To explore this question, we turned to our proprietary private markets dataset, which tracks the behavior of thousands of private market investments over the past 50 years. We merged that private assets data with data on inflation and gross domestic product (GDP) growth to study how the performance of the private markets changes during different inflationary and growth environments relative to public markets. 

Methodology 

Our analysis focuses on private equity and private credit, which have the longest-dated and most robust sample sets. Performance is examined across nine inflationary and growth environments:  

  1. High inflation 
  2. High inflation / low growth 
  3. High inflation / average growth 
  4.  High inflation / high growth 
  5. Low inflation 
  6. Low inflation / low growth 
  7. Low inflation / average growth 
  8. Low inflation / average growth 
  9. All 

The analysis uses quarterly economic and private markets data stretching back as far as 1990 (the earliest period sufficient private markets data is available). We use the U.S. Consumer Price Index (CPI) as a measure of inflation and U.S. real GDP growth as a measure of economic expansion. That economic data is segmented into high, low, and average buckets based on a 0.5 standard deviation to their averages from 1990 to 2022. 

Annual Change in CPI

Annual Real GDP Growth

We also calculated annualized rolling one-year time-weighted rate of returns (TWRs) for private equity and private credit. Meanwhile, we relied on the S&P 500 Index and the Bloomberg Barclays Aggregate Bond Index as benchmarks for public market performance. 

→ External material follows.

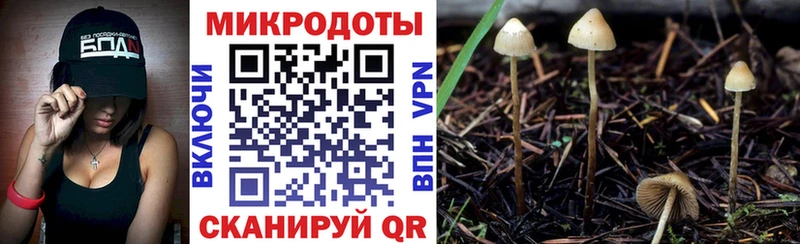 Псилоцибиновые грибы ЛСД  Нижний Тагил 
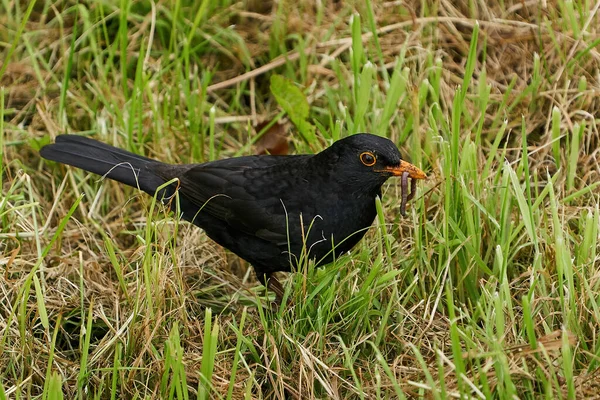 Blackbird Swoim Naturalnym Środowisku Danii Dżdżownicą Dziobie — Zdjęcie stockowe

Private Markets Performance by Economic Regime

Private equity skeptics may be surprised by the results: Private equity bested public equity benchmarks in nearly every economic regime.  

U.S. Private Equity Performance Across Economic Regimes

But the story doesn’t end there. On average, private equity historically outperformed public equity the most during times of high inflation. Meanwhile, if private equity returns begin to more closely resemble public equity in a low inflationary environment/low growth scenario, this could potentially reduce the spread between private equity and public equity returns. 

U.S. Private Credit Performance Across Economic Regimes

The picture for private credit is a bit more complicated. Our analysis shows private credit returns underperformed during periods of low growth regardless of the inflationary environment. Keep in mind that the low-growth periods were heavily influenced by the market volatility of the Global Financial Crisis when many of the low-growth observations occurred. The credit funds of that era were typically riskier (i.e., mezzanine and opportunistic credit) and had a higher correlation to public equities than the more senior credit funds (i.e., unitranche) that are prevalent today. 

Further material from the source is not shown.